TASK DESCRIPTION:
Please write out the entire listing below exactly, excluding its pictures.

DATASET EXTRACT:

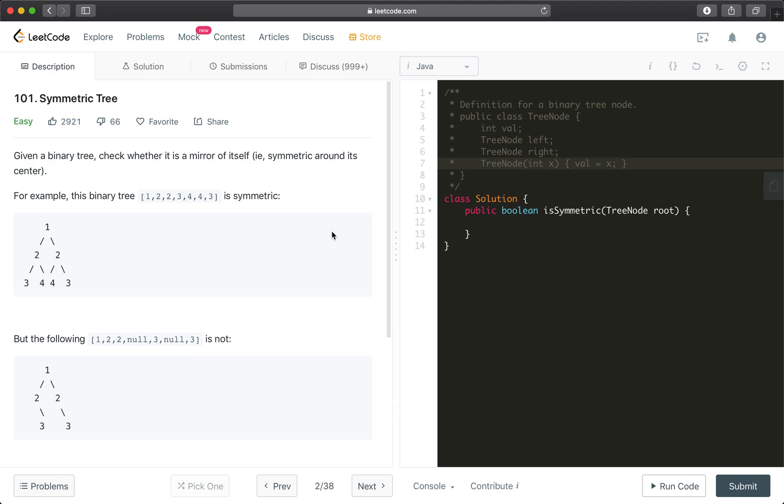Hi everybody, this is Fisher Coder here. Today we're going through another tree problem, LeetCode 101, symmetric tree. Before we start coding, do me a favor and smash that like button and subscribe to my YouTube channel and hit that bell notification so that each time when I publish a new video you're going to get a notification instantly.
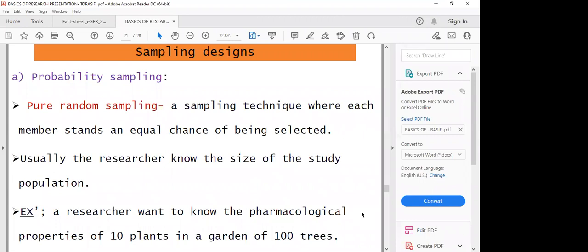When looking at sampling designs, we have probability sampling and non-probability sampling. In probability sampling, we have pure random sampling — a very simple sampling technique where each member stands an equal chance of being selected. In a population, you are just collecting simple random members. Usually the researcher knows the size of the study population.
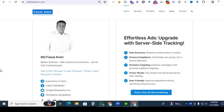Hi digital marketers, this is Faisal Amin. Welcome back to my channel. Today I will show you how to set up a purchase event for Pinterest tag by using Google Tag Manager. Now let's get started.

OUTPUT:
Hi everybody, this is Fisher Coder here. Today we're going through another tree problem, LeetCode 101, symmetric tree. Before we start coding, do me a favor and smash that like button and subscribe to my YouTube channel and hit that bell notification so that each time when I publish a new video you're going to get a notification instantly.
When looking at sampling designs, we have probability sampling and non-probability sampling. In probability sampling, we have pure random sampling — a very simple sampling technique where each member stands an equal chance of being selected. In a population, you are just collecting simple random members. Usually the researcher knows the size of the study population.
Hi digital marketers, this is Faisal Amin. Welcome back to my channel. Today I will show you how to set up a purchase event for Pinterest tag by using Google Tag Manager. Now let's get started.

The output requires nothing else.